Start of Given records
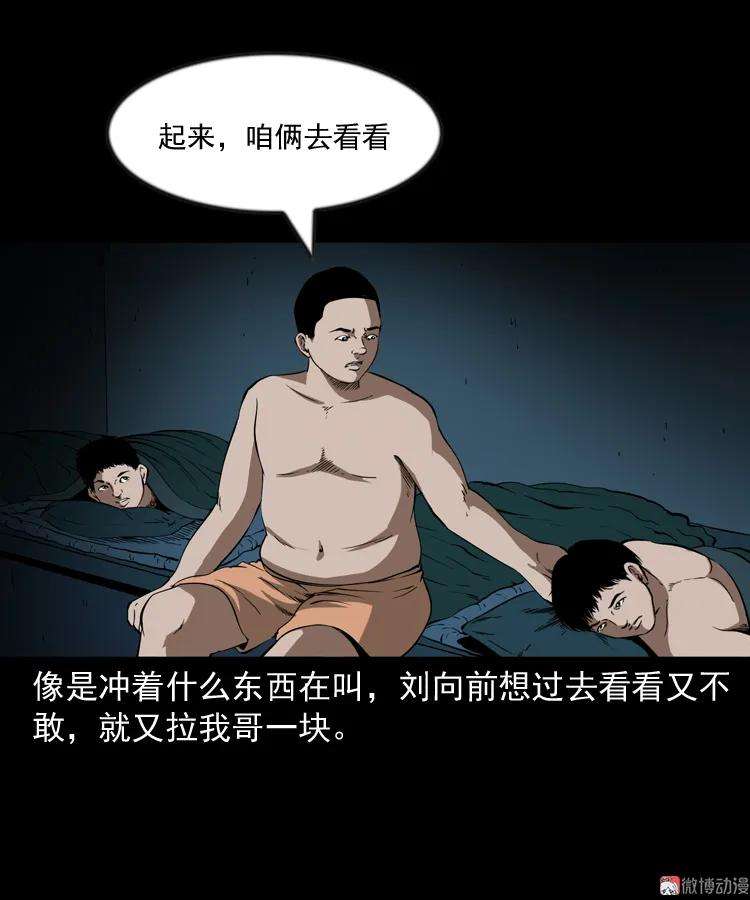 53.jpg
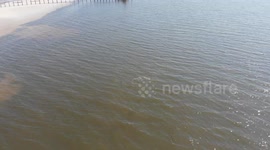 playful dolphins delighting in the ocean - drone video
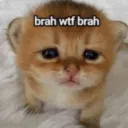 brah .gg/catbois
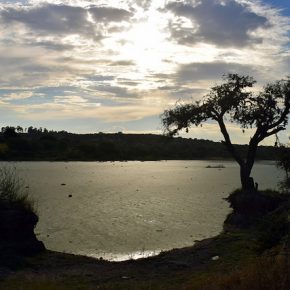 30382235046_31741e891a_z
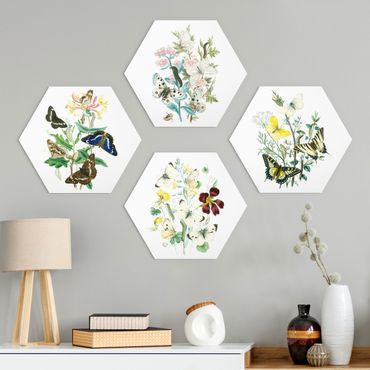 Hexagons Forex schilderijen - 4-delig British Butterflies Set II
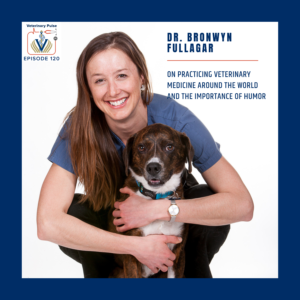 VIN Foundation | Supporting veterinarians to cultivate a healthy animal community | free resources veterinary students veterinarians | Blog | Veterinary Pulse Podcast | Veterinary Pulse Podcast with Dr. Bronwyn Fullagar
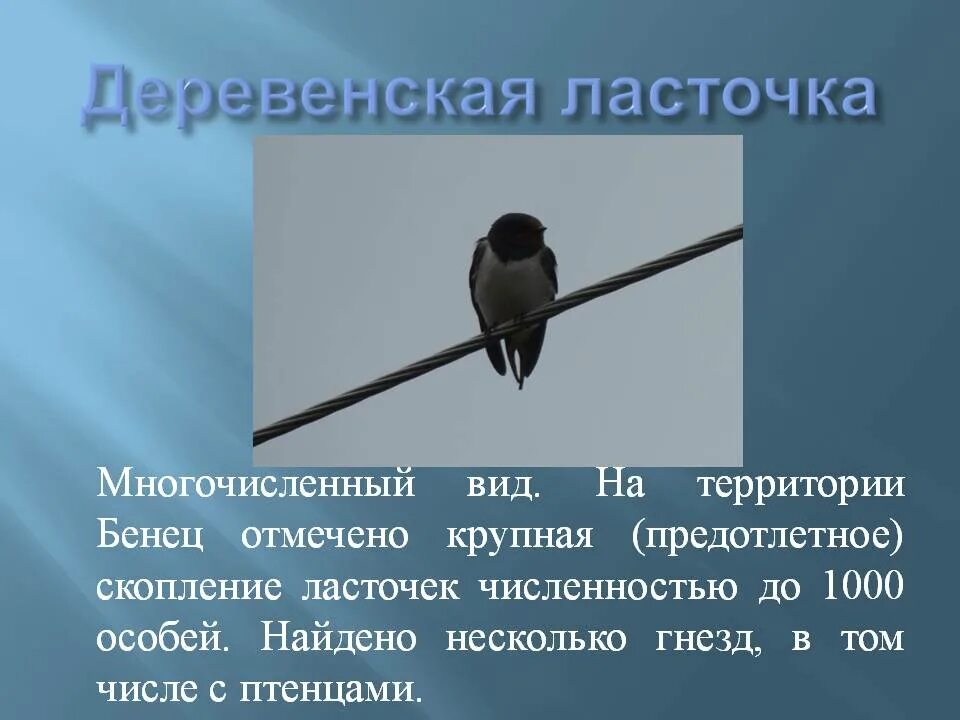 Ласточка. Деревенская Ласточка описание. Деревенская Ласточка Ласточка.. Описание ласточки.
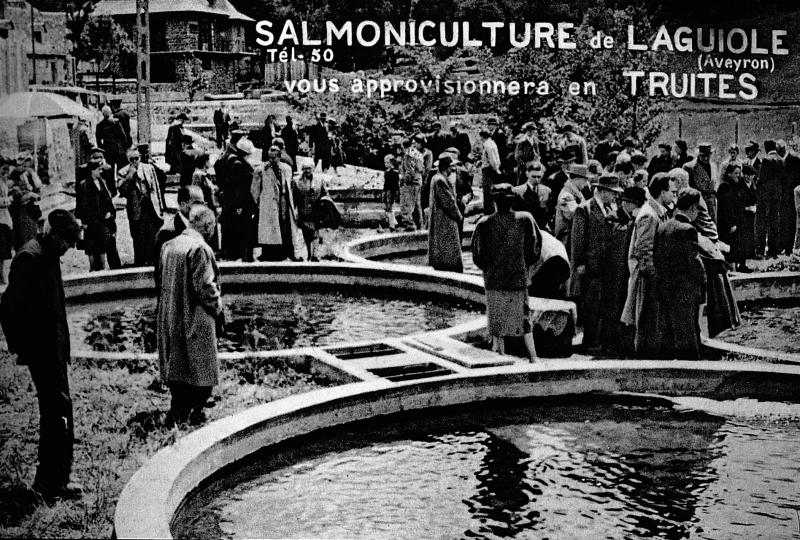 Salmoniculture de Laguiole (Aveyron) vous approvisionnera en truites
End of Given records
■ Problem ■
Restate the material above word for word; pictures do not belong in the copy.

■ Exercise output ■
 53.jpg
 playful dolphins delighting in the ocean - drone video
 brah .gg/catbois
 30382235046_31741e891a_z
 Hexagons Forex schilderijen - 4-delig British Butterflies Set II
 VIN Foundation | Supporting veterinarians to cultivate a healthy animal community | free resources veterinary students veterinarians | Blog | Veterinary Pulse Podcast | Veterinary Pulse Podcast with Dr. Bronwyn Fullagar
 Ласточка. Деревенская Ласточка описание. Деревенская Ласточка Ласточка.. Описание ласточки.
 Salmoniculture de Laguiole (Aveyron) vous approvisionnera en truites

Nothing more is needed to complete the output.